The biggest motivator for me is that WASM sandbox provides true deterministic execution. Contrary to engines like temporal, using hashmaps is 100% deterministic here. Attempting to spawn a thread is a compile error.
It also performs well - the bottleneck is in the write throughput of sqlite.
Last but not least - all the interfaces between workflows and activities are type safe, described in a WIT schema.
AlotOfReading|10 months ago
It's certainly close enough that calling it deterministic isn't misleading (though I'd stop short of "true determinism"), but there's still sharp edges here with things like hashmaps (e.g. by recompiling: https://dev.to/gnunicorn/hunting-down-a-non-determinism-bug-...).
tomasol|10 months ago
Although I don't expect to be an issue practically speaking, Obelisk checks that the replay is deterministic and fails the workflow when an unexpected event is triggered.
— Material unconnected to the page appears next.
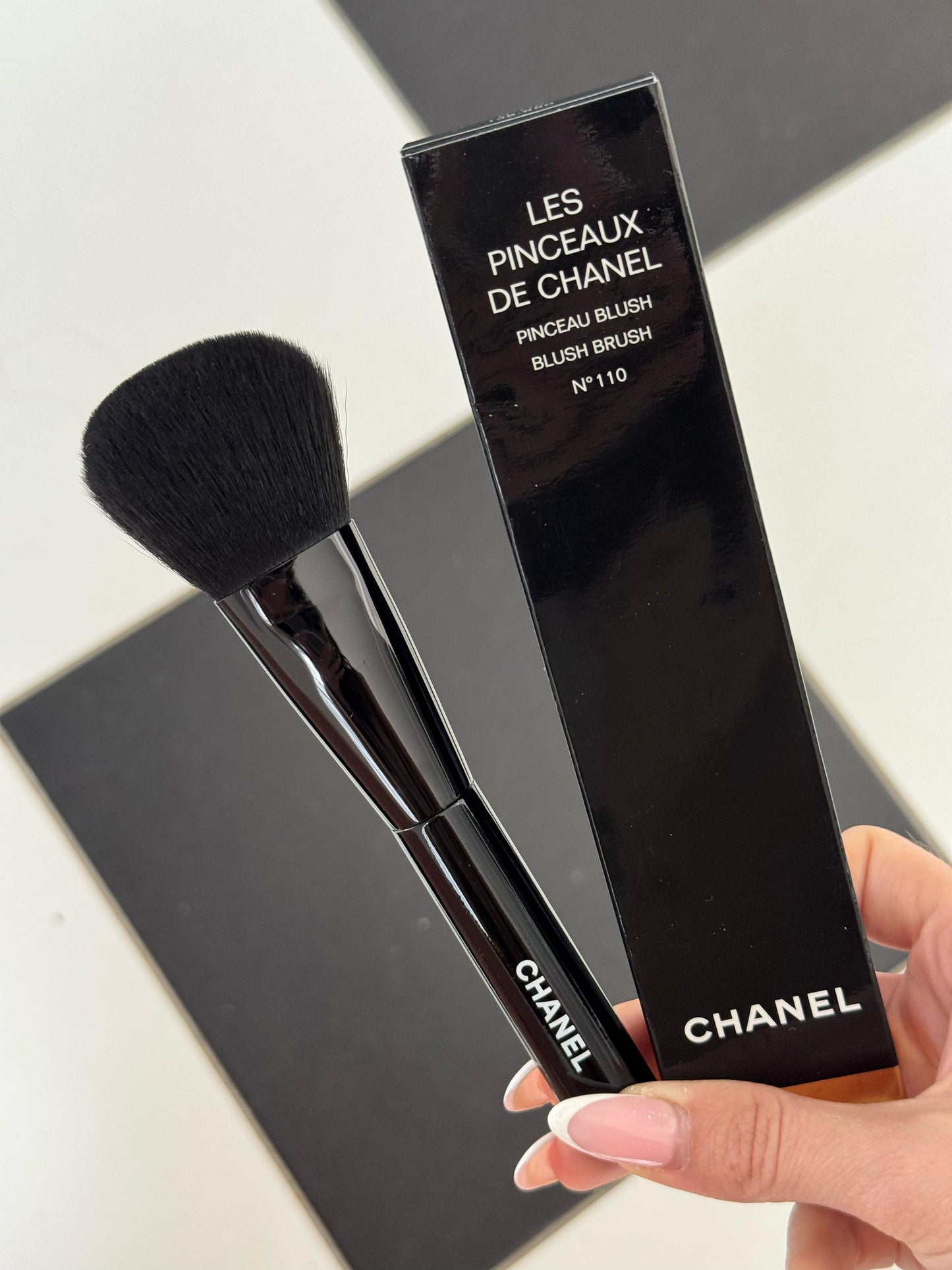 CHANEL Les Pinceaux De Chanel
Blush Brush N°110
It should be also be possible to add an automatic replay of each finished execution to verify the determinism e.g. while testing.
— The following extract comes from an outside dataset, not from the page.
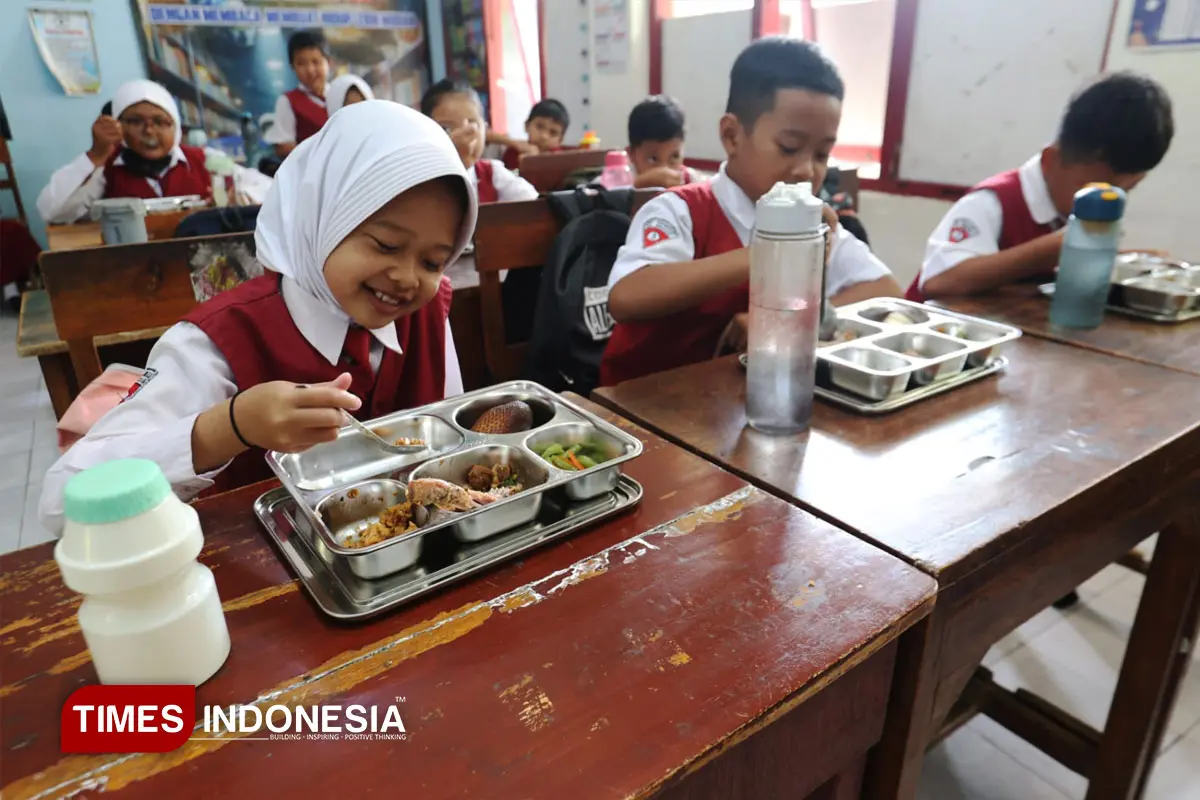 Pemerintah Pastikan Program MBG Terus Berlanjut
[1] https://docs.rs/wasmtime/latest/wasmtime/struct.Config.html#...
Edit: Enabling the flags here: https://github.com/obeli-sk/obelisk/pull/67
tomasol|10 months ago
All responses and completed delays are stored in a table with an auto-incremented id, so the `-await-next` will always resolve to the same value.
As you mention, putting a persistent sleep and a child execution into the same join set is not yet implemented.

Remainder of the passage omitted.